At least everyone agrees on one thing: drug prevention needs to be taught to kids in the fifth grade.
And that's about where the agreement stopped Tuesday at the Salt Lake City Board of Education meeting.
Despite disagreement — over whether the DARE drug resistance program works, what substitute program to use if DARE is scrapped, and whether Salt Lake City Mayor Rocky Anderson was making decisions and leaving board members in the dark — the mayor and the superintendent told the board and community members they will be inclusive in making further decisions about drug and life-skills education programs in the schools.
Anderson countered attacks that his disregard for DARE is newly found by saying he has been reading studies on DARE success rates for the last three years. He also said he has meet with Superintendent Darline Robles eight times since January to discuss DARE, including one time when the two met with doctors who developed the highly-praised ATLAS program in Portland, Ore.
Robles said the press misreported that the school board was not informed of her DARE meetings with Anderson.
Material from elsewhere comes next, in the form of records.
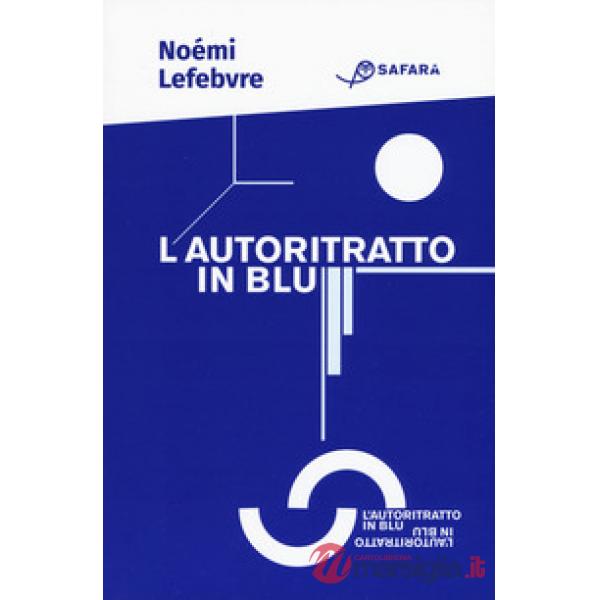 L'autoritratto in blu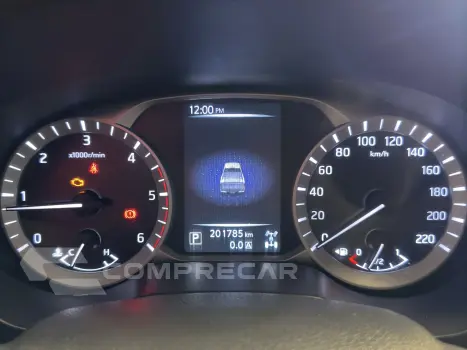 FRONTIER 2.3 16V TURBO DIESEL SE CD 4X4 AUTOMÁTICO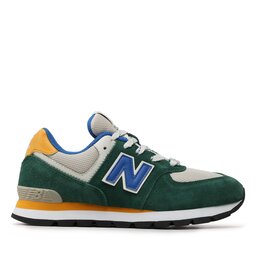 

Снікерcи New Balance GC574DG2 Зелений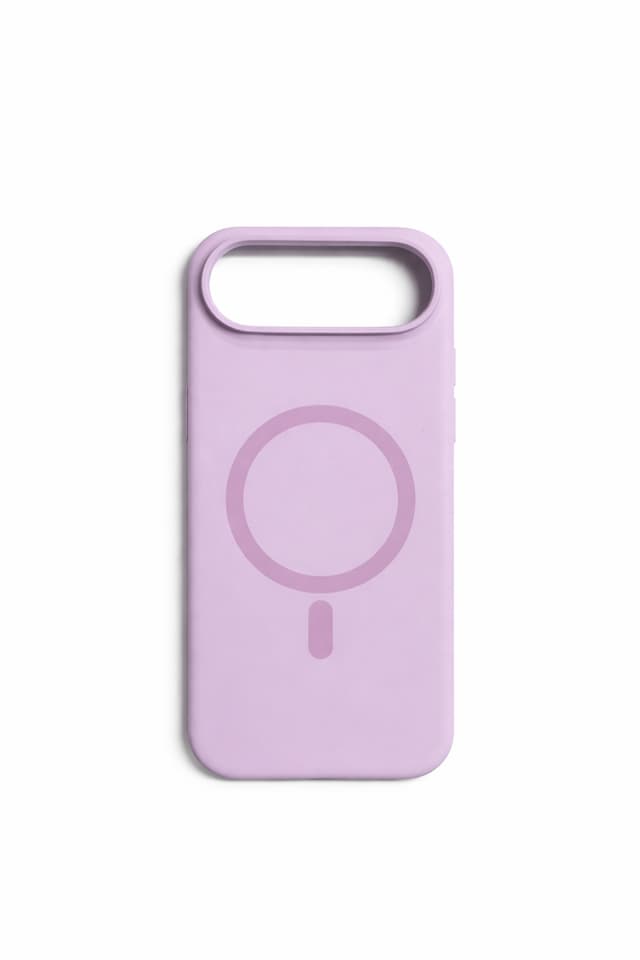 Snapcase Liquid Silicone iPhone 17 Air (Lila)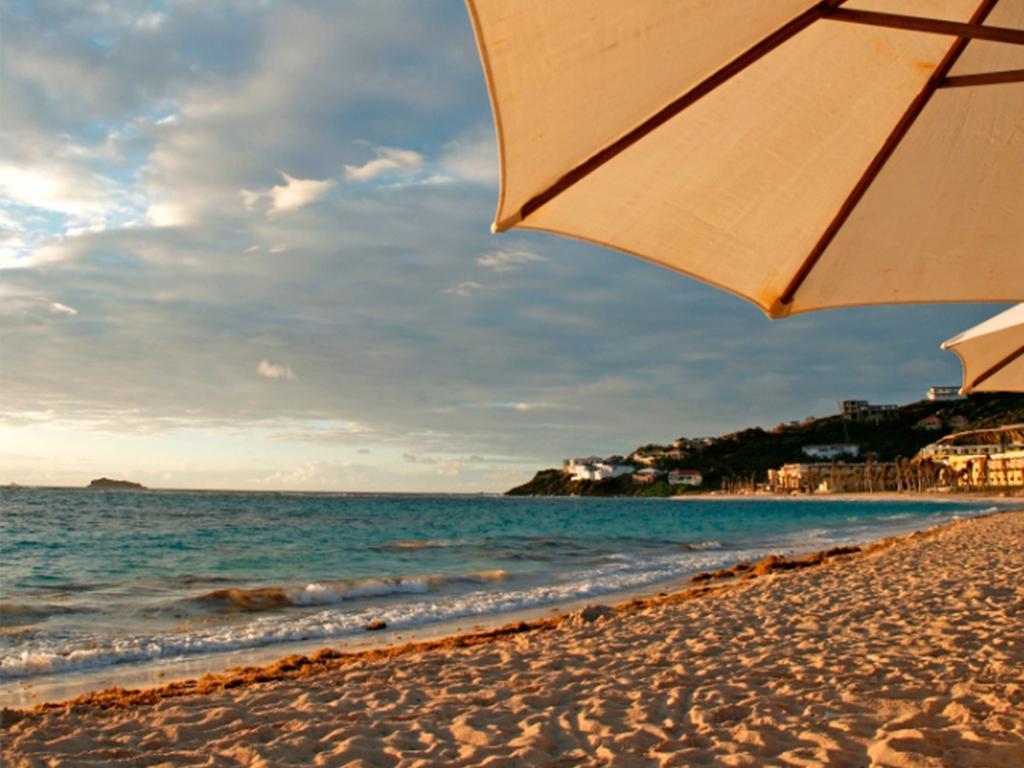 Coral Beach Club Villas & Marina Sint Maarten 외부 사진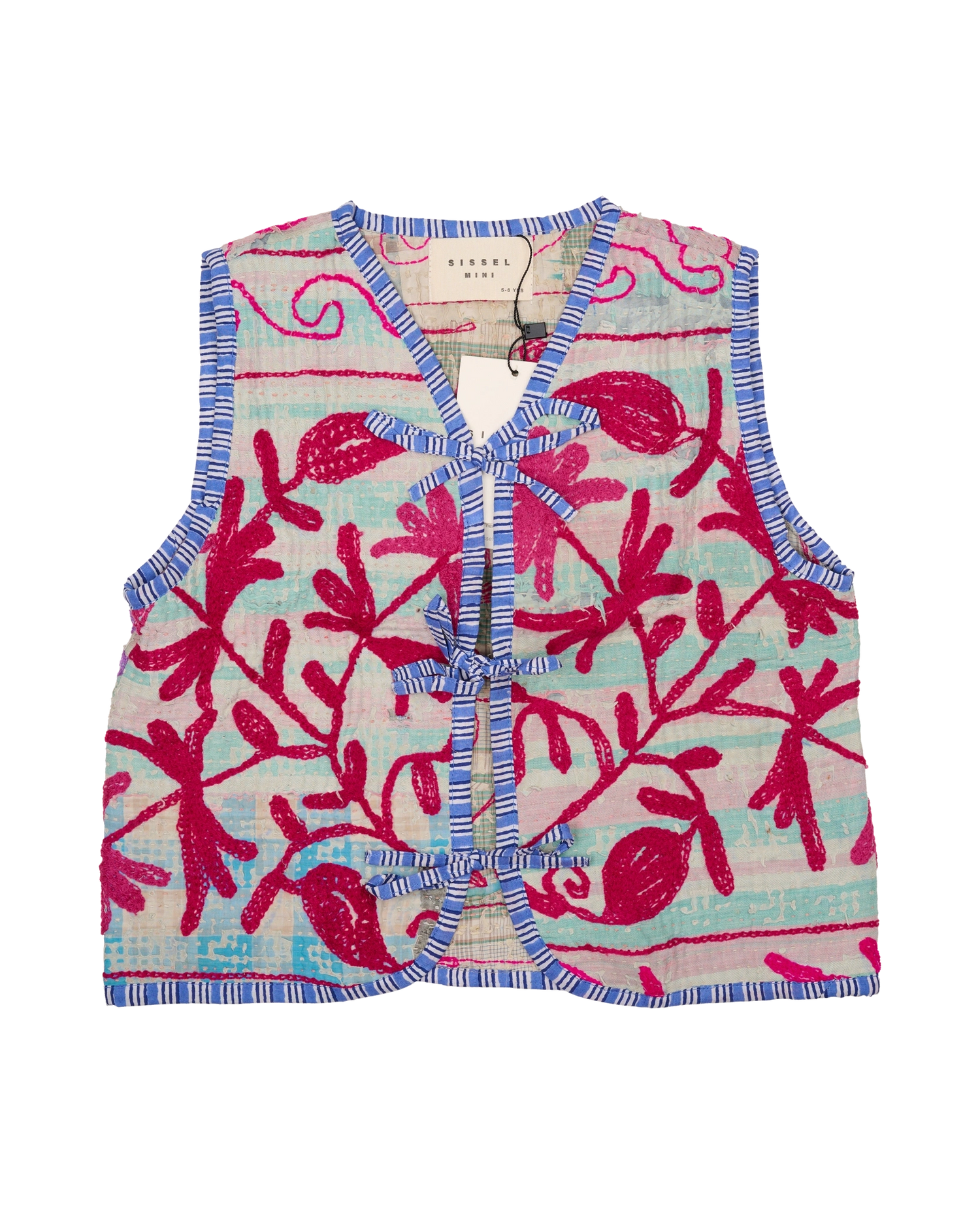 Gro MINI Vest - No. 192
That is untrue, she says. "That has always been shared."
Not all school board members, however, felt they were part of the decision-making process in doing away with DARE.
"I felt like the train . . . was going down the track and I couldn't get on," said board president Kathy Black.
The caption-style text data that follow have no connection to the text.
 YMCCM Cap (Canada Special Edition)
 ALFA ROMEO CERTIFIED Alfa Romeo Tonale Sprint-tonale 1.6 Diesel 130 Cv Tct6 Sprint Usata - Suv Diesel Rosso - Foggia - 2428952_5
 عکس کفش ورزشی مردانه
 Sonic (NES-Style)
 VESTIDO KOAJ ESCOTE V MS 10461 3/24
"I feel like the process that was done by the mayor was unfair," said board member Cliff Higbee.
Anderson said there would be no more "surprises" with the DARE decision.
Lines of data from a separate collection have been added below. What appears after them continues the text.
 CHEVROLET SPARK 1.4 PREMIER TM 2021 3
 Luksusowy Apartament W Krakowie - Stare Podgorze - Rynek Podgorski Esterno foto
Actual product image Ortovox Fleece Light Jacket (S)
"I just want to make it very, very clear," Anderson said. "My administration wants to work and collaborate with the school board."
DARE is just one of many life-skills programs used in Salt Lake schools, along with programs like Prevention Dimensions and health curricula.
Higbee said the whole K-12 curriculum may be flawed. "Maybe DARE is not the only thing that is not working," Higbee said, adding there might be a need for more thorough research.
Robles said that cannot be determined until parents wholeheartedly help researchers obtain data from students, by signing permission slips that allow questioning of their children.
"I would like us to really focus on getting this information for our student body," she said.
One common belief of the several parents and case workers at the meeting was that police officers are ineffective in the classroom. Anderson said officers are most needed on the street.
"This is not about our budget, it's about putting together a program for our children that's going to be most effective," Anderson said.
If DARE is killed in Salt Lake City this fall, educators will have to scramble to throw together another program in its place. One ideas suggested was to implement Prevention Dimensions for the first semester. By the end of the first semester, educators should have a new program developed. EveryoneAll wants to use the 17 hours allotted fifth-graders to teach some form of drug resistance or life skills.
Board members may need a little more convincing that DARE is as ineffective as Anderson says. The mayor claims the program is marketed heavily, despite having no results or negative results, in which the rate of students trying drugs increases.
"I have a real hard time saying DARE was ineffective," Black said.
However, only one person spoke in favor of DARE. Mike Milne called taking an officer out of a classroom "a mistake."
Milne said DARE "teaches the consequences of risky behavior."